* _What the task asks_:
Below are some records. Return exactly the lines from the one with "Hikvision 7616nxi 4k" to the one with "Cali Court Leather", and nothing else.

* _Records to process_:
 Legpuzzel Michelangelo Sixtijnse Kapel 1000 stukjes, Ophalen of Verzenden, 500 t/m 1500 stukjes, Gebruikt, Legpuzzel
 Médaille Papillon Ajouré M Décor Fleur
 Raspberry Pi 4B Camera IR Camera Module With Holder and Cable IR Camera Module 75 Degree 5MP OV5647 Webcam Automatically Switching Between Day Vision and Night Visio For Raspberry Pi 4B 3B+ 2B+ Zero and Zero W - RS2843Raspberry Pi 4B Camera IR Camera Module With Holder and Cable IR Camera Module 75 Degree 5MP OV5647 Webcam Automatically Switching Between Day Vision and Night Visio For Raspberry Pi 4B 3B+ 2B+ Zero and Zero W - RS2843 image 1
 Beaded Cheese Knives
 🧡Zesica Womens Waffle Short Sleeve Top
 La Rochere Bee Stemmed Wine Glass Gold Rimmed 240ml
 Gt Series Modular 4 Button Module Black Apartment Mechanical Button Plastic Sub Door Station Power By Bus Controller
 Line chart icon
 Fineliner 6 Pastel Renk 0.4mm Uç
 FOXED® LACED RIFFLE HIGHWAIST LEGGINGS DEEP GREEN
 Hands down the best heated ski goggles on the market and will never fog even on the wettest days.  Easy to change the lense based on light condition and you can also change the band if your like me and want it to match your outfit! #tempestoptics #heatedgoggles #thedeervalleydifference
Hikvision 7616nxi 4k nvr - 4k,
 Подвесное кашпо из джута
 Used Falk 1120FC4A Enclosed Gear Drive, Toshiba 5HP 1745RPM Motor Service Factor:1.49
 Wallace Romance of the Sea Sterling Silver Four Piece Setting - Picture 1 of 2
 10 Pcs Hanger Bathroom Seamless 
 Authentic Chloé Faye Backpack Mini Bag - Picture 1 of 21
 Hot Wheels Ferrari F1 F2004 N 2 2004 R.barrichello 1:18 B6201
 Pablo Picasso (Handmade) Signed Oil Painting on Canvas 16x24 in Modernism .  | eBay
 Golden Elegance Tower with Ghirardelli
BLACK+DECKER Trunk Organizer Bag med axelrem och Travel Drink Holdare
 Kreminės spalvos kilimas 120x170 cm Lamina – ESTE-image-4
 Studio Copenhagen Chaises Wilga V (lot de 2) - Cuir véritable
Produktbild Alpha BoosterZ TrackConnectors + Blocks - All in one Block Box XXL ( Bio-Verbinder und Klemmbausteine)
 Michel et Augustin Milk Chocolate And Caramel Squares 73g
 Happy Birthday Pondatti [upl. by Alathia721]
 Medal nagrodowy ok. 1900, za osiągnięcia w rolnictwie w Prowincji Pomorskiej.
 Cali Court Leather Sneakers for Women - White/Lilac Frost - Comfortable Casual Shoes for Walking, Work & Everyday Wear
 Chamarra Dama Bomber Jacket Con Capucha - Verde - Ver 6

* _Task answer_:
Hikvision 7616nxi 4k nvr - 4k,
 Подвесное кашпо из джута
 Used Falk 1120FC4A Enclosed Gear Drive, Toshiba 5HP 1745RPM Motor Service Factor:1.49
 Wallace Romance of the Sea Sterling Silver Four Piece Setting - Picture 1 of 2
 10 Pcs Hanger Bathroom Seamless 
 Authentic Chloé Faye Backpack Mini Bag - Picture 1 of 21
 Hot Wheels Ferrari F1 F2004 N 2 2004 R.barrichello 1:18 B6201
 Pablo Picasso (Handmade) Signed Oil Painting on Canvas 16x24 in Modernism .  | eBay
 Golden Elegance Tower with Ghirardelli
BLACK+DECKER Trunk Organizer Bag med axelrem och Travel Drink Holdare
 Kreminės spalvos kilimas 120x170 cm Lamina – ESTE-image-4
 Studio Copenhagen Chaises Wilga V (lot de 2) - Cuir véritable
Produktbild Alpha BoosterZ TrackConnectors + Blocks - All in one Block Box XXL ( Bio-Verbinder und Klemmbausteine)
 Michel et Augustin Milk Chocolate And Caramel Squares 73g
 Happy Birthday Pondatti [upl. by Alathia721]
 Medal nagrodowy ok. 1900, za osiągnięcia w rolnictwie w Prowincji Pomorskiej.
 Cali Court Leather Sneakers for Women - White/Lilac Frost - Comfortable Casual Shoes for Walking, Work & Everyday Wear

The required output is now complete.